Published 01/01/2001, 00:00
Updated 24/09/2018, 11:30
How to diversify Brexit risk

How to diversify Brexit risk

A few weeks ago, I wrote that with the risk of Hard Brexit still clearly on the table – but with softer outcomes still within reach – it made sense to diversify your portfolio to better prepare for any outcome.

Since then, the storm clouds have darkened somewhat:

  • Bank of England governor Mark Carney warns the risk of a No-Deal Brexit is “uncomfortably high”.
  • Trade secretary and arch-Brexiteer Liam Fox puts the probability of a Hard Brexit at 60%.
  • Even the life-long Eurosceptic MP Jacob Rees-Mogg has warned the benefits he sees from Britain going its own way may play out over 50 years, not a few volatile months.
I don’t intend to predict what might happen to the economy in the different scenarios. In the short term, it arguably doesn’t matter. That’s because short-term asset prices are determined mostly by what people believe.

As legendary investor Ben Graham put it, over shorter time horizons the market is a voting machine – in the long term it becomes a weighing machine.

A hit from Hard Brexit could even be a self-fulfilling prophecy. If enough investors believe prices could fall, then they probably will.

Five big diversifiers Most investors will want to be ready for any potential Brexit-related choppiness. And happily, diversifying your investment portfolio to protect against a potentially chaotic scenario is relatively easy.

Better still, whatever the outcome, economic theory says diversification can reduce the level of risk in your portfolio, while still enabling you to capture the bulk of the gains you would expect to get from owning shares.

Indeed, diversification has been described as the only free lunch in investing.
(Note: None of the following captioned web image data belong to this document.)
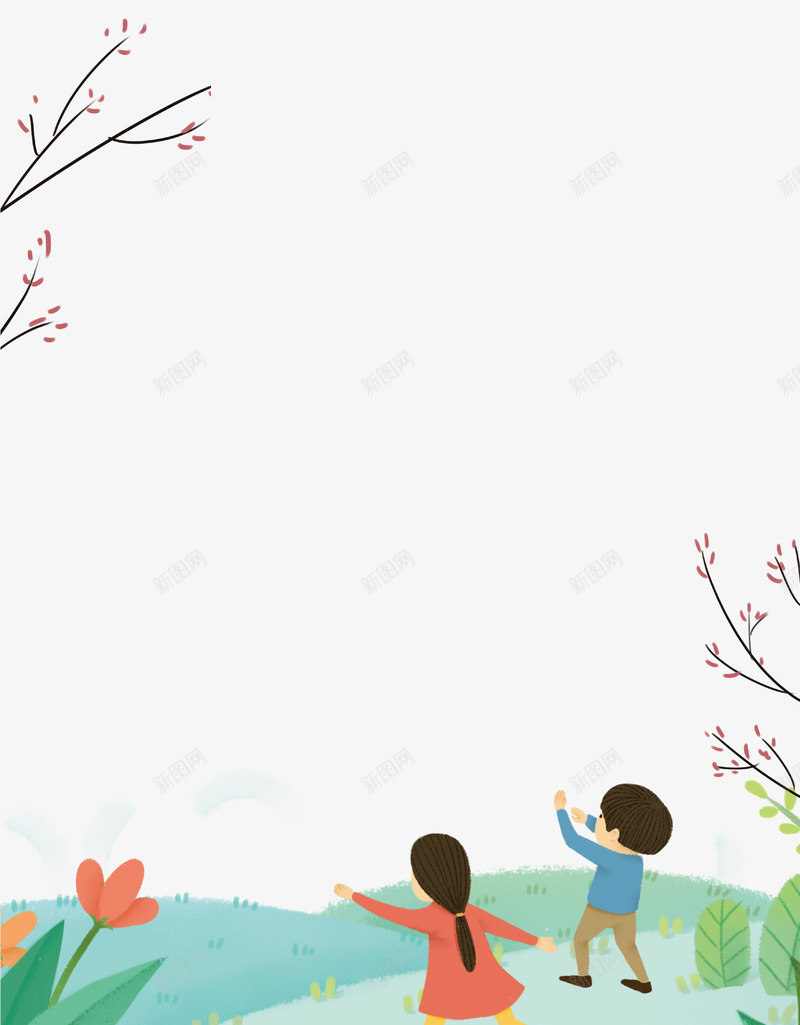 卡通清新唯美桃花春游海报背景png免抠素材_88icon https://88icon.com 卡通 唯美 春季 春游 桃花 海报 清新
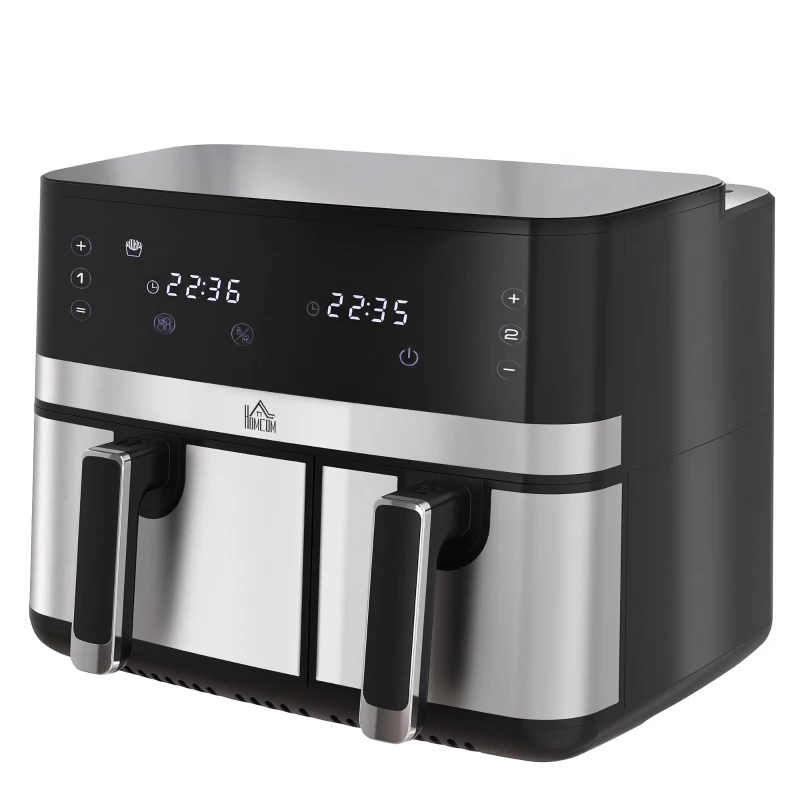 HOMCOM Friteuse à air sans huile, Air Fryer, double compartiment 8,5 L, 2700 W - 8 programmes, température réglable, minuterie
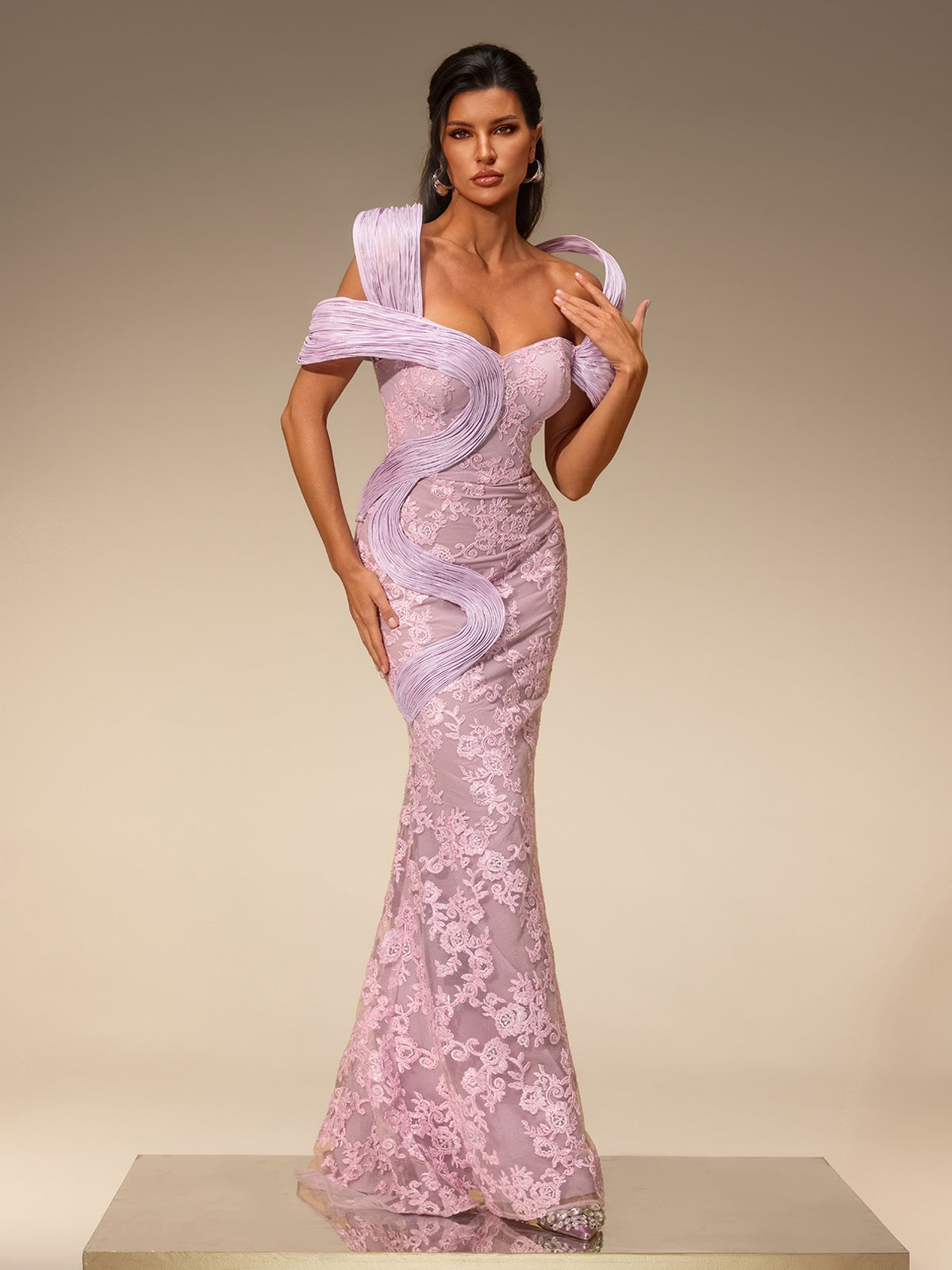 Xirel Off Shoulder Embroidered Maxi Dress
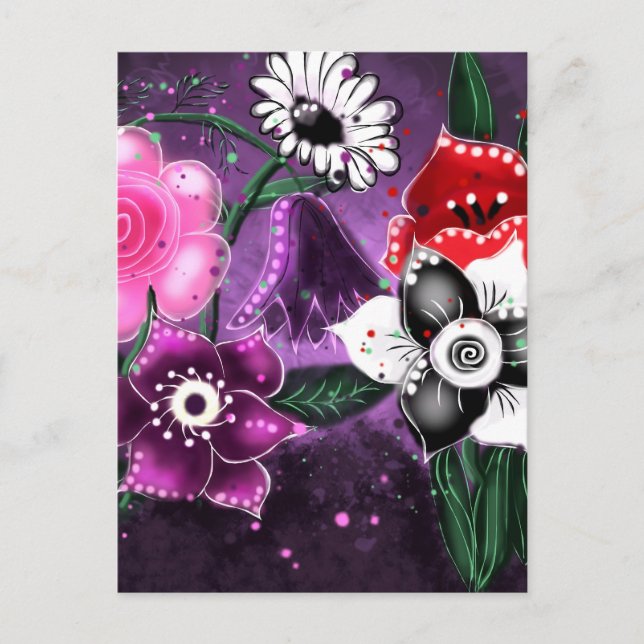 Whimsical Lila Black Pink Daisy Daffodil Postkarte (Vorderseite)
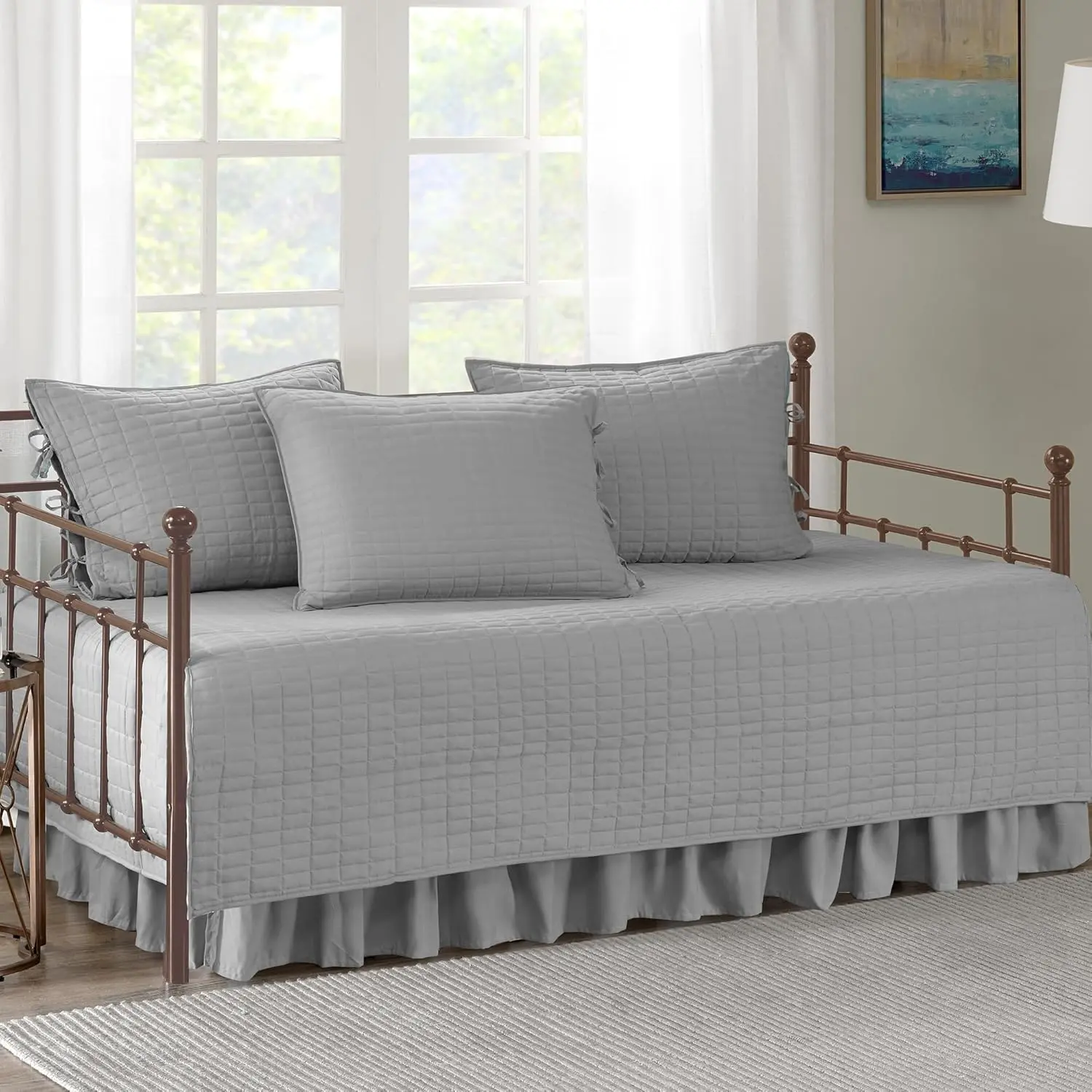 Daybed Cover - Luxe Double Sided Quilting, All Season Cozy Bedding with Bedskirt, Matching Shams, Kienna Grey 75"x39" 5 Piece, 100% Microfiber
So, what are you waiting for?

Here are five quick ways you can build a Brexit buffer.

Own global shares The single best way to diversify your equity portfolio is for most of it to be in foreign shares.

The UK stock market makes up less than a tenth of the total global stock market capitalisation, and even then, we’re punching well above our weight in GDP terms.

A hard Brexit may make news headlines around the world, but it won’t disrupt world trade much and shouldn’t hurt global investor sentiment. In contrast, even though UK companies earn over 70% of their money abroad, they could be dumped in a kneejerk reaction like we’ve seen in the past.

It’s easy to get global exposure with a few keystrokes by putting your money into a world equity index tracker fund or ETF.

Buy gold Gold has been the go-to asset in times of chaos for millennia. Its performance is not correlated to mainstream assets like shares and bonds, which means it can be a genuine diversifier.

I wouldn’t expect the dollar-denominated price to move much on Brexit developments, but effectively you’re also diversifying away from the pound if you own gold.

Purists say you must own physical gold to get the full benefit. But given we don’t expect the breakdown of the global financial system with a Hard Brexit, so buying a gold ETF would seem appropriate.

Invest in US Treasuries US Treasuries – that is US government bonds – are another asset investors flock to in times of panic.

You can get exposure via an ETF. Normally it’s advisable to own any foreign bonds in a fund that’s hedged back to the pound, to reduce your currency risk.

However, in this instance, you may explicitly want exposure to the US dollar, as all else being equal, dollar-denominated assets should rise in value if the pound sells off.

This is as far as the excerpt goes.